Un déficit massif d’enseignants

« On a une certitude, c’est qu’il n’y aura pas un professeur devant chaque classe lundi », a-t-elle averti lors d’une conférence de presse. Selon elle, il manque entre 5.000 et 6.000 enseignants à l’appel.

La rentrée se fera donc avec des solutions de fortune : contractuels embauchés à la va-vite, remplaçants qui tournent entre plusieurs établissements, et des classes parfois sans professeur attitré.

Face à la crise de recrutement, Élisabeth Borne a récemment modifié les règles du jeu : les concours d’entrée à l’enseignement, jusque-là ouverts au niveau master, sont désormais accessibles dès Bac+3.

Une mesure présentée comme un élargissement des opportunités, mais qui traduit surtout une incapacité à rendre le métier attractif.

Une profession en perte de sens

Pour Sophie Venetitay, la situation dépasse la seule question des effectifs. Les personnels « connaissent une importante crise de sens de leur métier ».

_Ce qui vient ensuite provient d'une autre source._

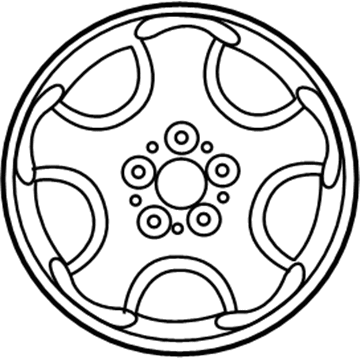 2002 Dodge Intrepid Spare Wheel - 4782289AB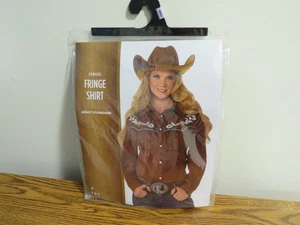 Party City Amscan Western Costume Cowgirl Fringe Shirt Womens Adult Standard - Picture 1 of 3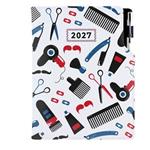 Diář KADEŘNICKÝ Barber - DESIGN týdenní B6 2027
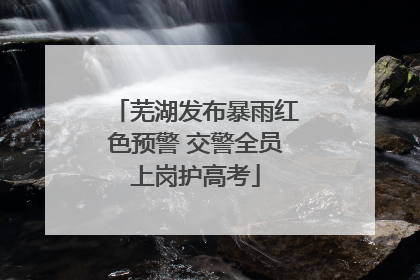 芜湖发布暴雨红色预警 交警全员上岗护高考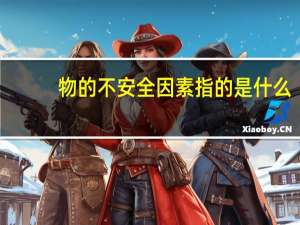 物的不安全因素指的是什么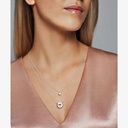 Layered heart necklace - 2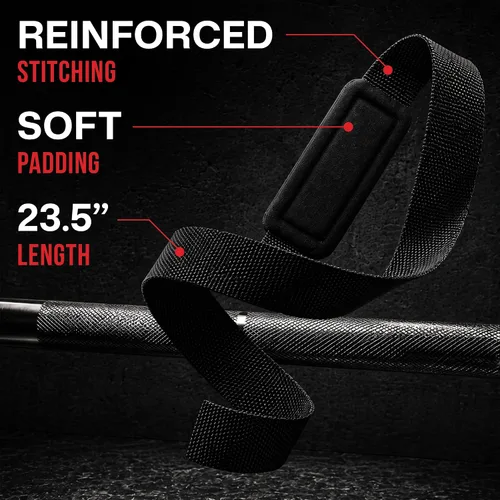 Vista 8 de Rip Toned Lasso Lifting Straps for Weightlifting, 23¼" Padded
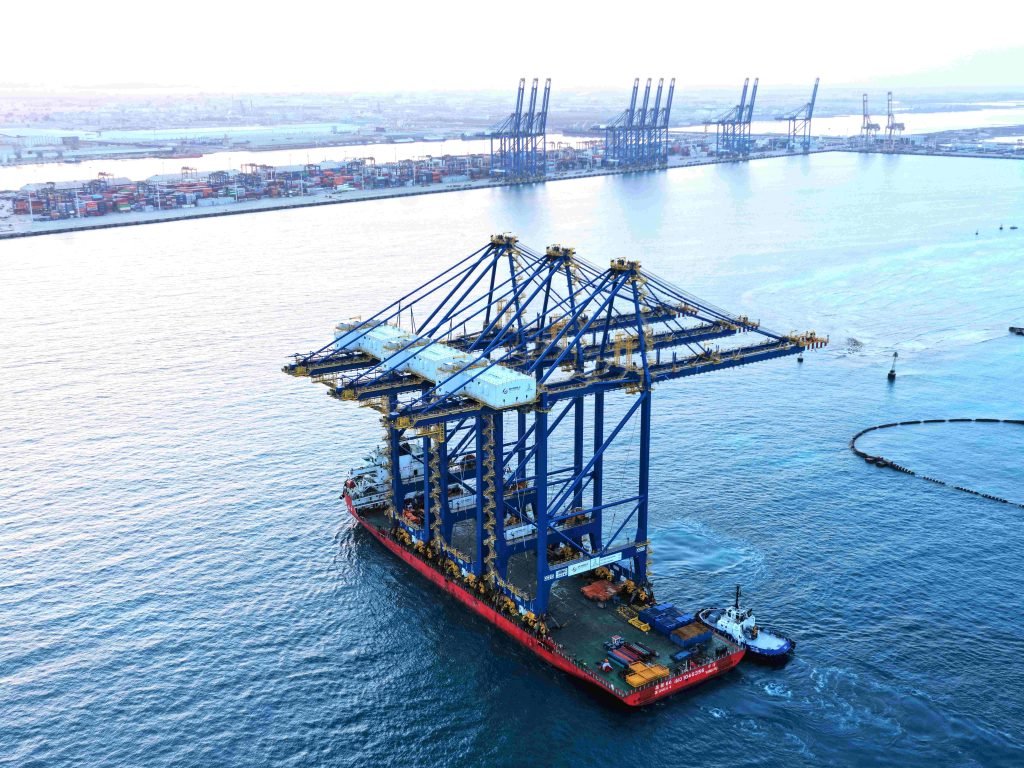 DP World adds three quay cranes at Jeddah to support Red Sea trade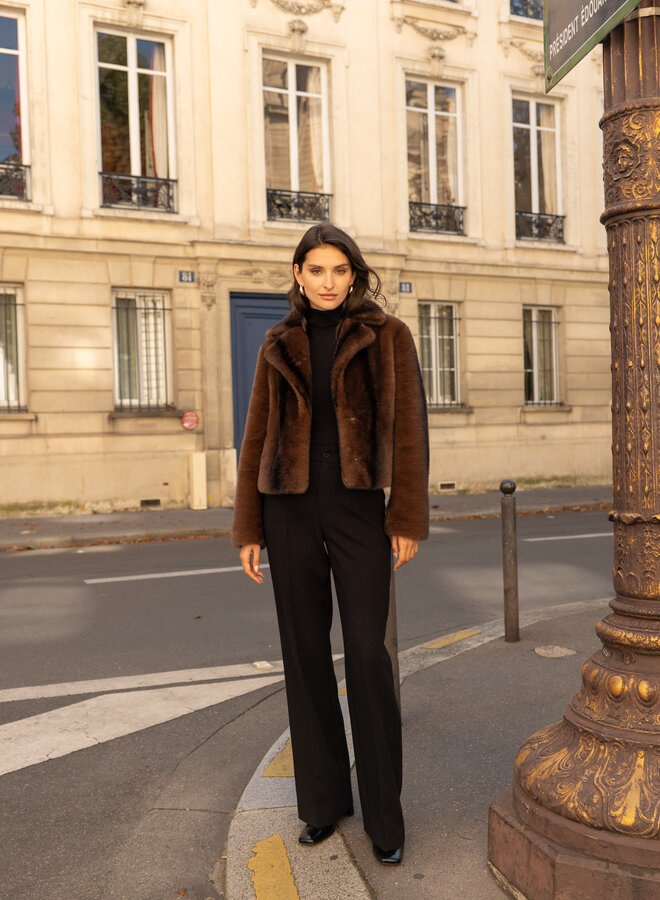 Manteaux Faux Fur Short - Marron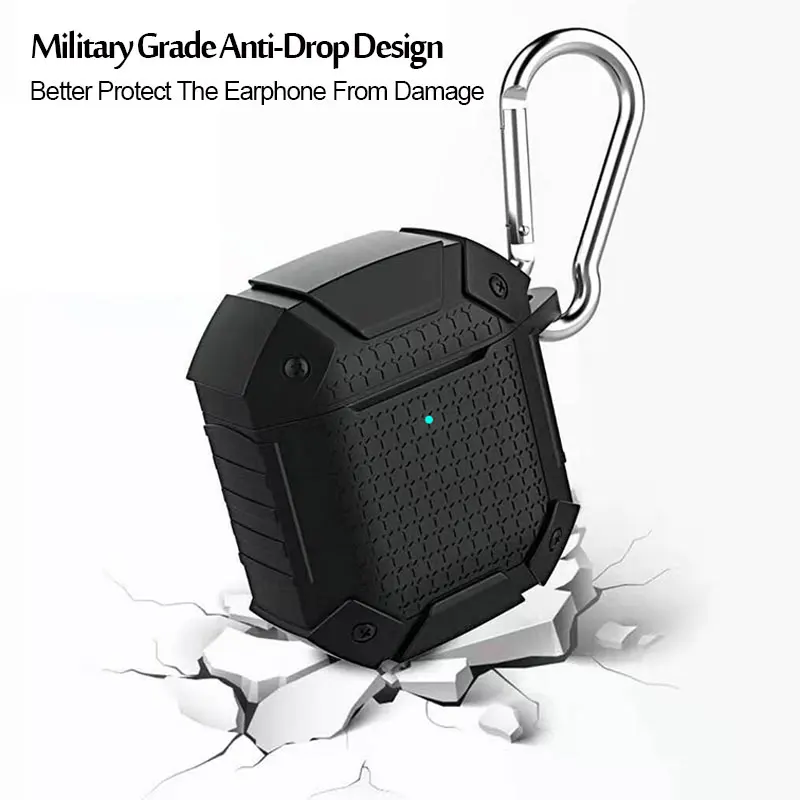 Фото Бронированный противоударный чехол для наушников Airpods Pro 2 TWS, беспроводные наушники, мягкие силиконовые наушники, защитный чехол, аксессуары в коробке №3
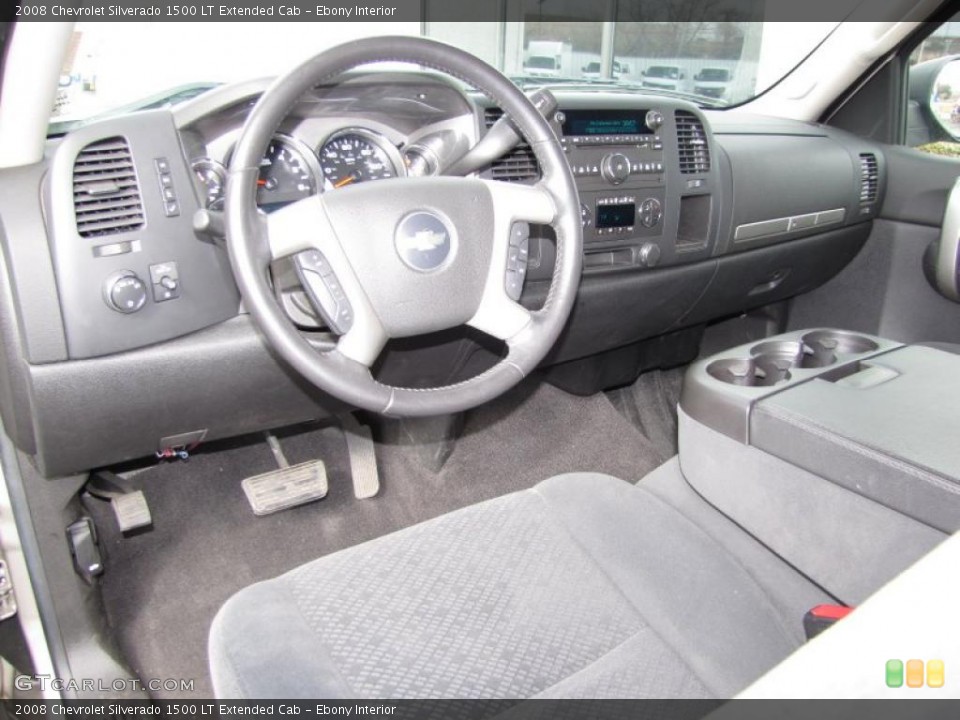 Ebony Interior Prime Interior for the 2008 Chevrolet Silverado 1500 LT Extended Cab #45981134
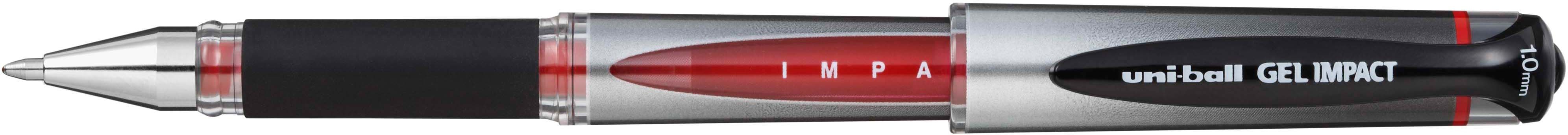 UNI-BALL Gel-Impact 1mm UM-153S RED rouge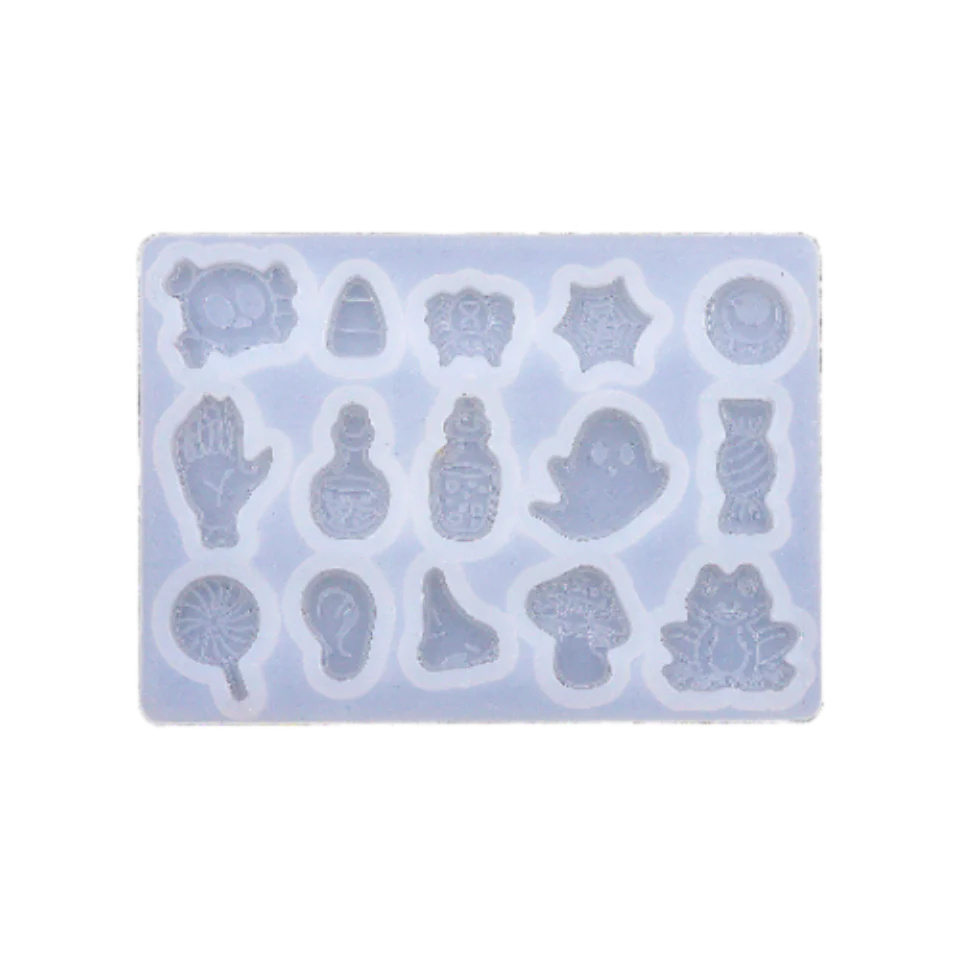 Halloween Shaker Bits Silicone Mold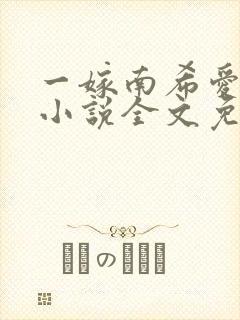 一嫁南希爱终生小说全文免费阅读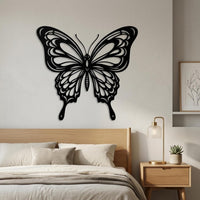 Bohemian butterfly wall art
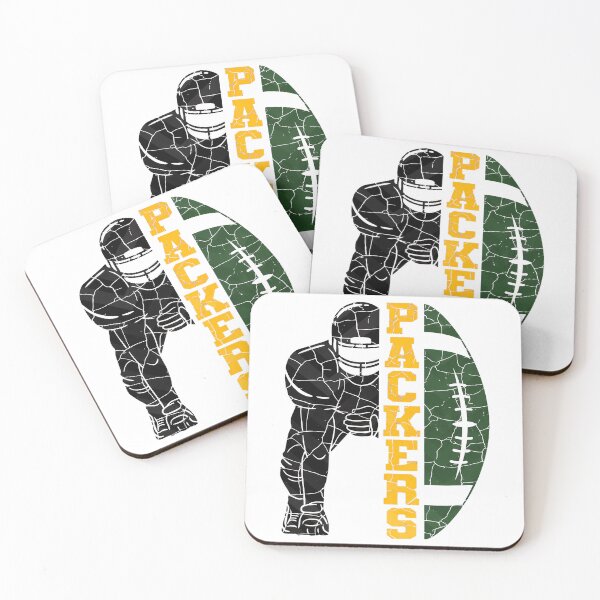 Item preview, Green Bay Packers Football Silhouette designed and sold by BrittanyB44730.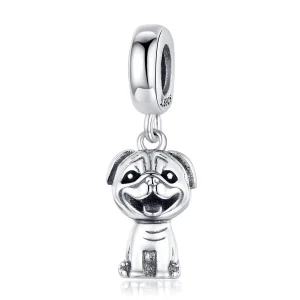 (obrázek pro) Pandora styl Pug přívěsek - SCC1320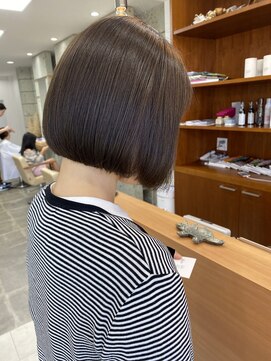 シンス(Since) ミニボブ/ワンレンボブ/オリーブブラウン/夏目寧々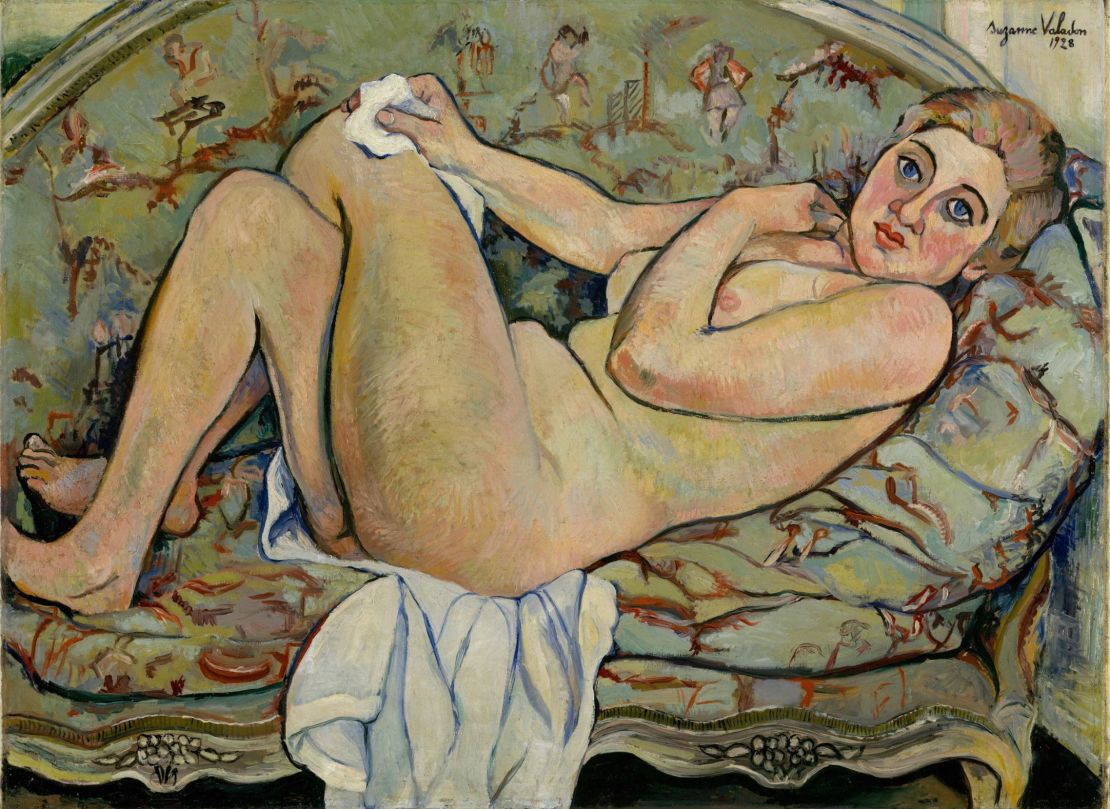 Valadon's time as a model made her particularly intuitive in how to paint the body. Pictured: "Reclining Nude," 1928.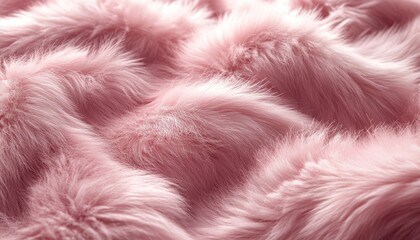 Wall Mural - Soft Pink Fur Texture Background Image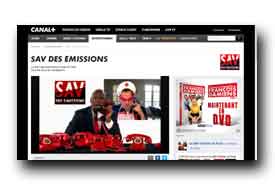 screenshot de www.canalplus.fr/c-humour/pid1782-c-sav-des-emissions.html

D’après une consultation interne, « deux tiers des collègues ont pensé ces deux dernières années à la démission », près de la moitié évoquant une « dégradation de l’école publique » comme raison principale.

Ce malaise s’explique : classes surchargées, réformes incessantes, conditions de travail qui se détériorent. Le métier ne tient plus sur la seule vocation.

Les salaires gelés malgré l’inflation

Autre point de tension : la rémunération. Le SNES-FSU dénonce l’absence de revalorisation salariale en 2024 et 2025.

Selon la Depp, un enseignant à temps complet touchait en moyenne 3.010 euros net en 2023. Une somme dérisoire face à l’inflation et aux responsabilités du métier.

Pendant que les fonctionnaires de haut rang se garantissent des revenus confortables, les professeurs s’appauvrissent.

Les syndicats y voient une politique délibérée d’abandon, qui explique pourquoi tant de jeunes se détournent du métier.

Des menaces sur l’avenir

Comme si cela ne suffisait pas, François Bayrou, Premier ministre sur la sellette avant un vote de confiance le 8 septembre, prépare déjà un plan de rigueur.

Il prévoit 3.000 suppressions de postes dans la fonction publique dès 2026. Les syndicats d’enseignants ont promis de se battre pour éviter que l’Éducation nationale ne soit sacrifiée.

Ils n’ont pas encore tranché sur leur participation au mouvement « Bloquons tout » prévu le 10 septembre, mais la grogne monte.

Réformes en cascade

Pendant ce temps, les professeurs doivent affronter une nouvelle avalanche de réformes.

Aux 58.100 écoles et établissements s’imposent de nouveaux programmes de mathématiques et de français pour le primaire, les controversés cours d’éducation à la vie affective et sexuelle (Evars), et désormais une initiation à l’intelligence artificielle.

La ministre a ajouté une nouvelle couche mercredi, annonçant une réforme du contrôle continu au baccalauréat, qui doit être présentée aux enseignants dès vendredi. Une réforme de plus, dans un système déjà en surchauffe.